The Steve Allen Show (WNBT-TV, December 30, 1953)

by Mark Gabrish Conlan • Copyright © 2014 by Mark Gabrish Conlan • All rights reserved

I screened a very interesting old TV show, an episode of the Steve Allen Show from December 30, 1953 when it was still a local production on a New York station, WNBT, airing Mondays through Fridays from 11:20 p.m. to midnight. (The odd 40-minute time slot was obviously designed to accommodate an 11 p.m. newscast, at a time when even the network newscasts only ran 15 minutes.) Allen begins the program with a low-keyed monologue and a rendition of the song “Sleepy Time Gal” in which he sings as well as playing piano — and though Nat “King” Cole wasn’t going to be kept awake nights worried about the competition in the singing-pianist gig, Allen was a quite capable jazz piano player (he phrases most of the song in Erroll Garner-esque block chords) and a perfectly decent singer. One thing I hadn’t realized before is just how sexist this song is: the singer is telling his nightclubbing girlfriend that once they’re married, not only will she be in bed by 8 every night, “You’ll learn to cook and to sew/What’s more, you’ll love it, I know.” I sincerely doubt the real Steve Allen treated his wife, actress and singer Jayne Meadows, that way! The show was sponsored by Ruppert’s Knickerbocker Beer, complete with an actor playing Father Knickerbocker, mythical founder of New York City, and though it is Allen who rattles off the unique qualities of Knickerbocker Beer (in a high-speed spot-announcer’s voice quite different from the low-keyed self-deprecating way he hosts the actual program), including that it contains no starch (which means, according to the pitch, that you can drink more of it and not feel bloated — smashed out of your gills, yes, but not bloated!)
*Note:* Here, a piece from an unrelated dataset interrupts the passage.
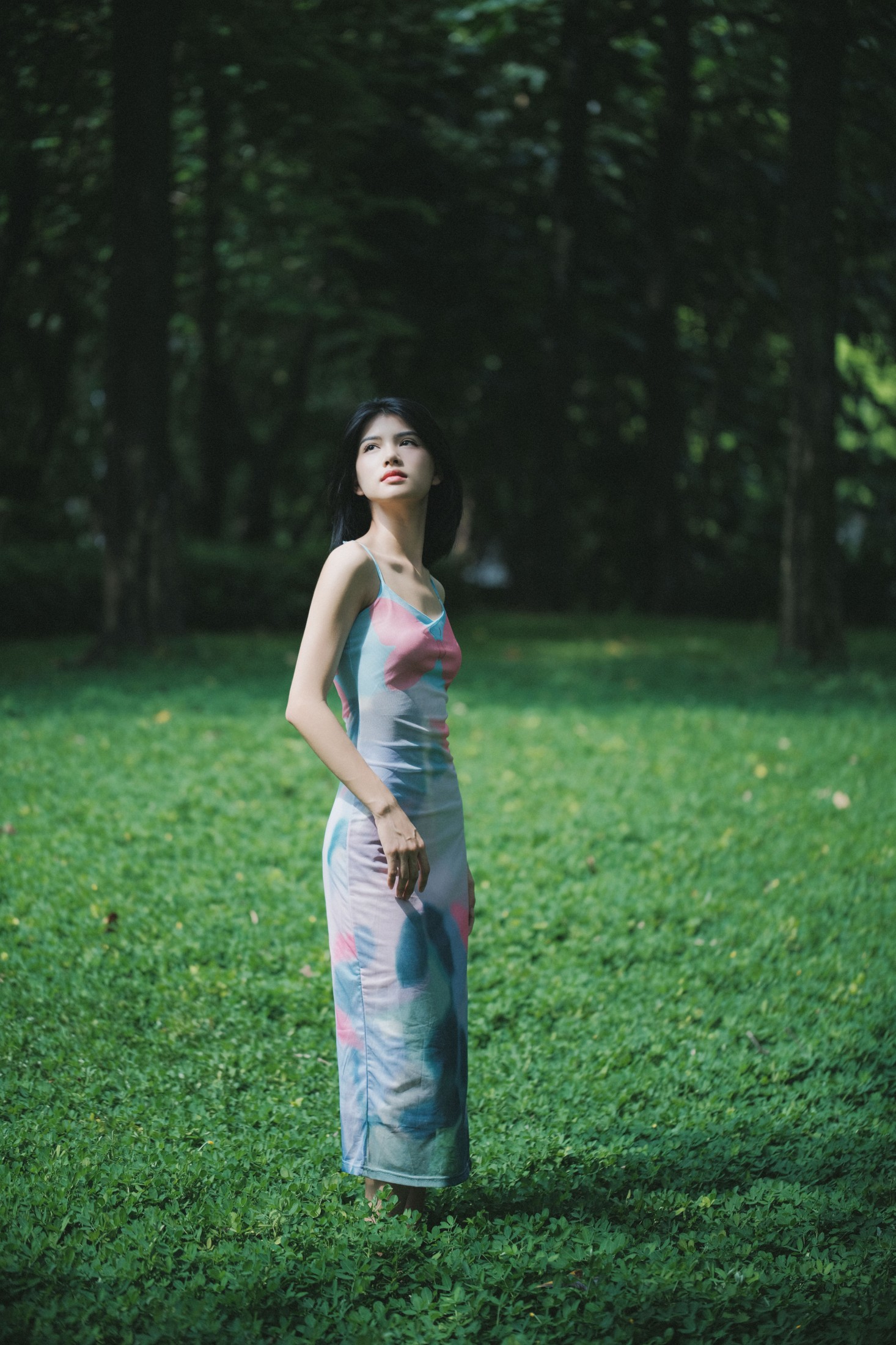 修自新 – 《蝶舞》[46P]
Father Knickerbocker (neither imdb.com nor archive.org, from which I downloaded this curio, lists the actor playing him) stops the show dead in its tracks to deliver a public-service pitch for the Brooklyn Children’s Museum. (Doubtless the Children’s Museum was a notable and laudable enterprise, but I still couldn’t help but ask myself just how many children they had on exhibit and how they had been trapped.) The show features long-time Allen regulars Steve Lawrence and Eydie Gormé — though only separately, not together; Lawrence does an estimable version of Frank Sinatra’s breakthrough hit “All or Nothing at All” in a bar set that would seem to have been more appropriate for “One for My Baby” — and while his vocal isn’t as wrenchingly powerful as Sinatra’s (did you really expect it would be?), he gets the message across quite nicely. Gormé’s spot comes towards the end of the program, a novelty song called “Gone Gone John” that sounds like a precursor to rock ’n’ roll (as I’ve noted in previous posts, the transition of music in the 1950’s from pop to rock was a good deal more gradual than the history books have it, and records that today we’d consider non-rock novelties charted well until the end of the decade, and sometimes even after that: the number one chart record in 1964 in the U.S. was Louis Armstrong’s “Hello, Dolly!,” while slots two through six on that same chart went to the Beatles), a silly song which she swings quite nicely.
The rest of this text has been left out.